BEGIN

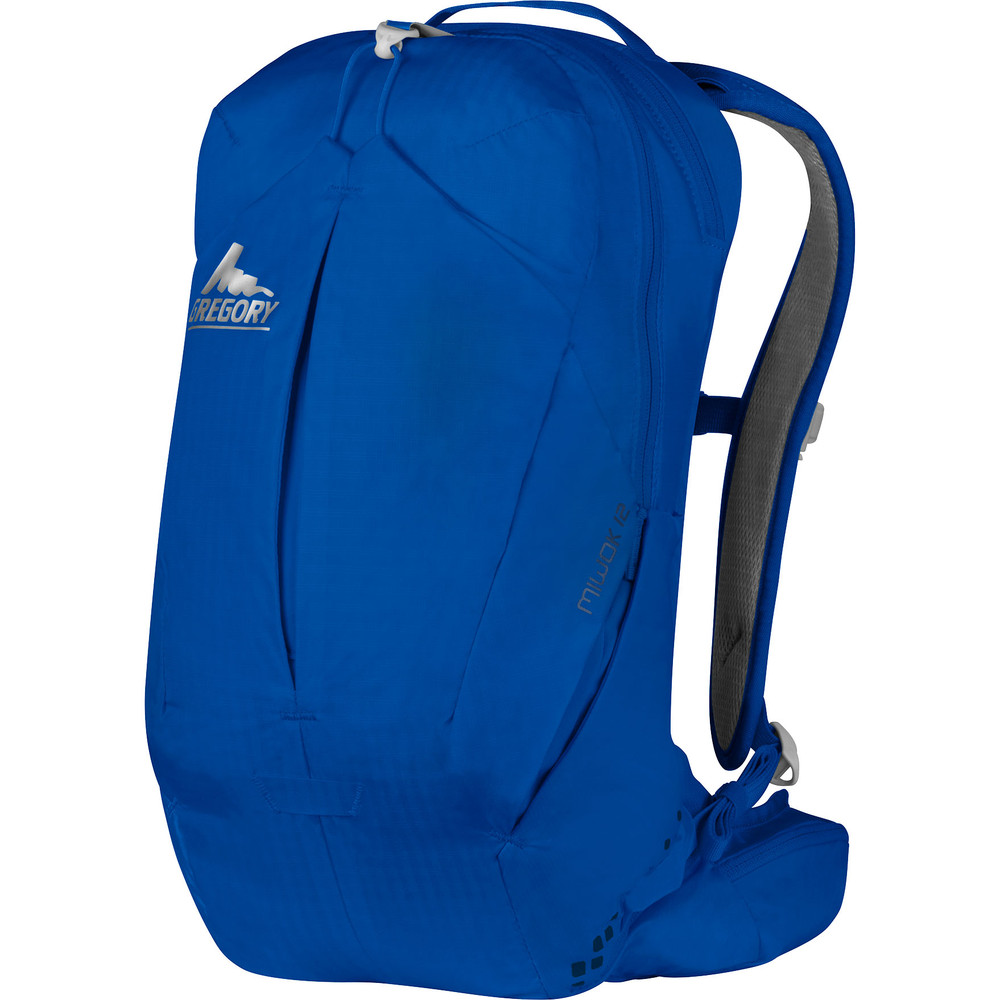 Buy Men's Gregory Miwok 12L Running Backpack Run and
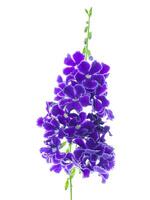 Duranta erecta flower on white background. photo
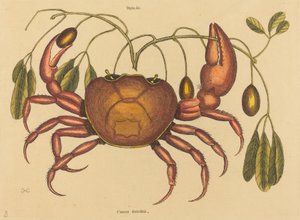 Il granchio terrestre Cancer ruricola da Mark Catesby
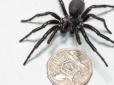Знайомтеся, Геркулес! В Австралії знайшли величезного павука, укус якого вбиває людину протягом 15 хвилин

END

Give back the whole listing exactly, without pictures.

 Buy Men's Gregory Miwok 12L Running Backpack Run and
 Duranta erecta flower on white background. photo
 Il granchio terrestre Cancer ruricola da Mark Catesby
Знайомтеся, Геркулес! В Австралії знайшли величезного павука, укус якого вбиває людину протягом 15 хвилин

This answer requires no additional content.